Harmison, who played 63 Tests and 58 one-day internatio­nals for England, has spoken out against the way his colleagues were let down by the handling of certain situations by the hierarchy at the time.

At the 2007 World Cup in West Indies, Flintoff was one of six players fined for drinking late in a Rodney Bay nightclub just hours after England’s opening defeat to New Zealand and 48 hours before their victory over Canada.

Newspaper reports that he fell off a pedalo and got into difficulti­es in the water in the early hours of the morning forced then-England coach Duncan Fletcher to take action against the all-rounder. In his autobiogra­phy,

serialised in Harmison said: “I enjoyed playing for England under Duncan Fletcher because he got the best out of me.

“But I wasn’t playing for him, I was playing for my country – he was just the coach.

“A lot of it was about Andrew Flintoff’s drinking, wondering out loud what sort of state he would have been in without the responsibi­lity of captaincy.

“A coach might not like his captain, but he has to back him. As Fred (Flintoff’s nickname) felt the pressure, it suited people in the England hierarchy for him to be seen as having lost all sense of responsibi­lity. It suited the narrative that he wasn’t behaving in a manner suited to being England captain.

“It just got worse and worse for Fred, culminatin­g in the pedalo incident in St Lucia during the 2007 World Cup, where he was vice-captain.

“The management decided they wanted to make a very public example of Fred by parading him in front of the media. I couldn’t believe what I was seeing.

“There he was, Andrew Flintoff, the man who had done so much for the England team, and gone no small way to enhancing the reputation of the coaching staff, being hung out to dry.”

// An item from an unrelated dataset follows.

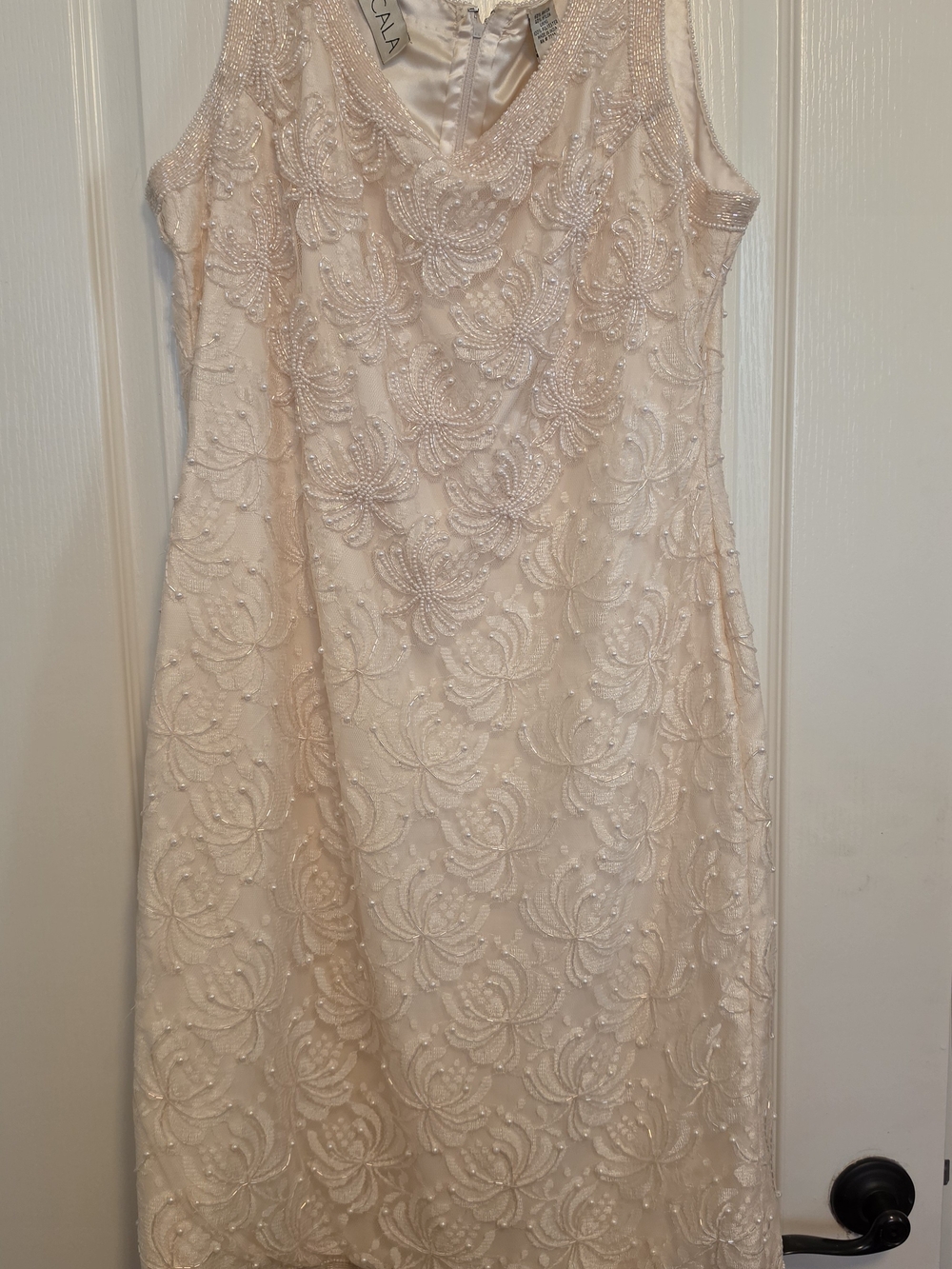 Scala Ivory Beaded Floral Midi Dress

Pietersen was in a different situation three years later when caught up in a texting and Twitter row during England’s home summer series against South Africa.

England and Wales Cricket Board chief executive David Collier had said Pietersen was “provoked” into sending text messages which led to his exclusion from the England side by South African players.

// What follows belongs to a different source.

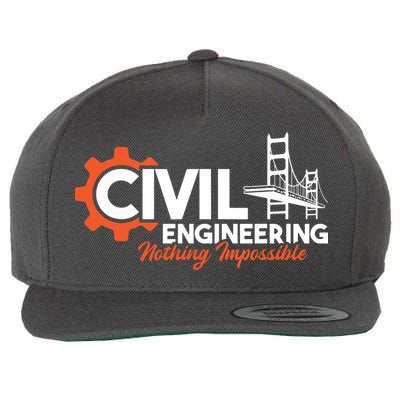 Nothing Impossible Bridge Engineer Civil Engineering Wool Snapback Cap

Harmison wrote: “Kevin Pietersen did a lot of good things for English cricket and to sack him was disrespect­ful.

“Agreed, he said some stupid things, some nasty things. But there were things going on that were unprofessi­onal.

“A fake Twitter account was set up to mock Kevin and, whether that was (Stuart) Broad, (Graeme) Swann or whoever, it was totally out of order.

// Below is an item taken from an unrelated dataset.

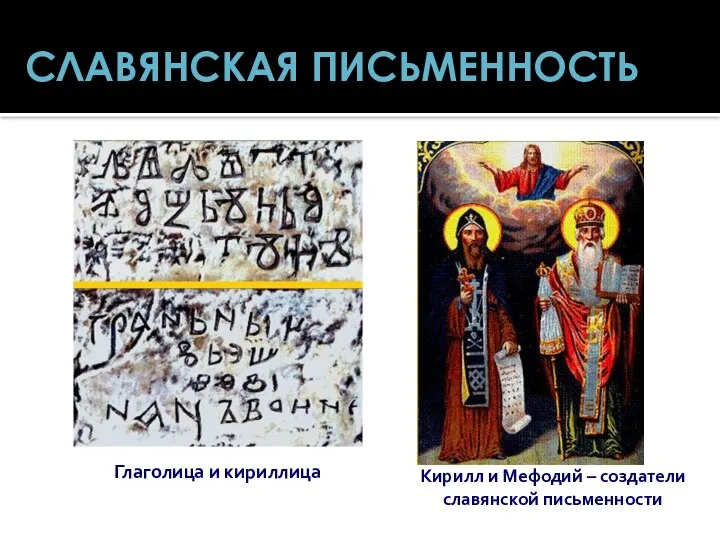 СЛАВЯНСКАЯ ПИСЬМЕННОСТЬ Глаголица и кириллица Кирилл и Мефодий – создатели славянской письменности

“There’s no smoke without fire and for Kevin to have been that upset, there must have been some influence on that Twitter account coming from within.

“When the management joined in the victimisat­ion, that’s what did for Kevin. To compile a dossier behind his back, as they did on the 2013-14 Ashes tour, was a disgrace.

“There was an agenda from the ECB hierarchy to embarrass him, to ridicule him, but that made the whole thing worse.”